**Recorded information**:
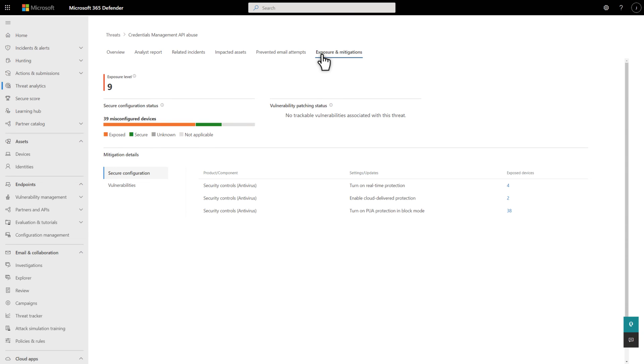Of course, the last step is to act against the threat. Handle any active incidents, remediate impacted assets, apply policy changes, and follow through on mitigations that Vulnerability Management recommends.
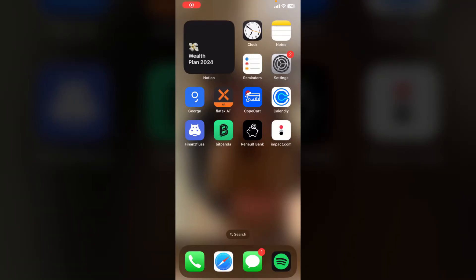Welcome. In this video I'm going to show you how to install IPTV Smarters Pro on your iPhone. It is very simple and I'll walk you through each and every step.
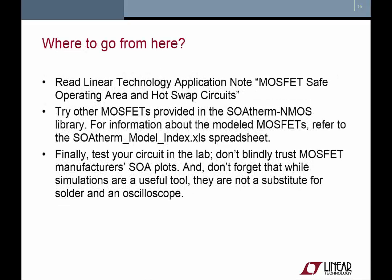So, now that we've finished this tutorial, where do you go from here? Read Linear Technology Applications note, MOSFET Safe Operating Area and Hot Swap Circuits. Try other MOSFETs in the SOAtherm N-MOS library. And look at the Excel spreadsheet that's linked to at the right side of the webpage. Finally, test your circuit in the lab. Don't blindly trust MOSFET manufacturers' SOA plots. And don't forget that while simulations are a useful tool, they're not a substitute for solder and an oscilloscope. Don't forget to subscribe to our YouTube channel.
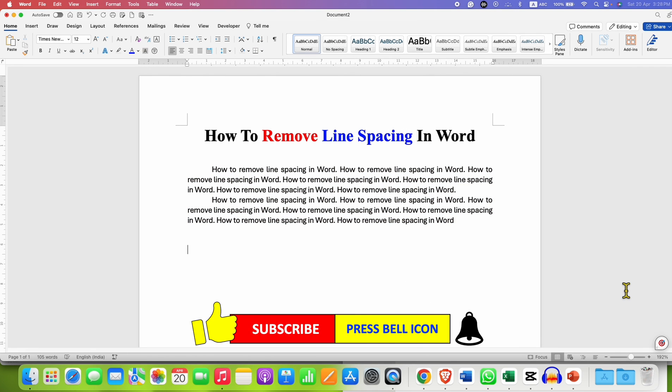In this way, you can remove line spacing in Word along with the paragraph spacing. Click on that like button, comment below and let me know if this video solved your problem. And if you want to learn Microsoft Word quickly, check out these useful videos shown on screen. See you again in the next one.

**Assigned task**: Starting with the top line, write out all the data above exactly; keep the pictures out.

**Output for this exercise**:
Of course, the last step is to act against the threat. Handle any active incidents, remediate impacted assets, apply policy changes, and follow through on mitigations that Vulnerability Management recommends.
Welcome. In this video I'm going to show you how to install IPTV Smarters Pro on your iPhone. It is very simple and I'll walk you through each and every step.
So, now that we've finished this tutorial, where do you go from here? Read Linear Technology Applications note, MOSFET Safe Operating Area and Hot Swap Circuits. Try other MOSFETs in the SOAtherm N-MOS library. And look at the Excel spreadsheet that's linked to at the right side of the webpage. Finally, test your circuit in the lab. Don't blindly trust MOSFET manufacturers' SOA plots. And don't forget that while simulations are a useful tool, they're not a substitute for solder and an oscilloscope. Don't forget to subscribe to our YouTube channel.
In this way, you can remove line spacing in Word along with the paragraph spacing. Click on that like button, comment below and let me know if this video solved your problem. And if you want to learn Microsoft Word quickly, check out these useful videos shown on screen. See you again in the next one.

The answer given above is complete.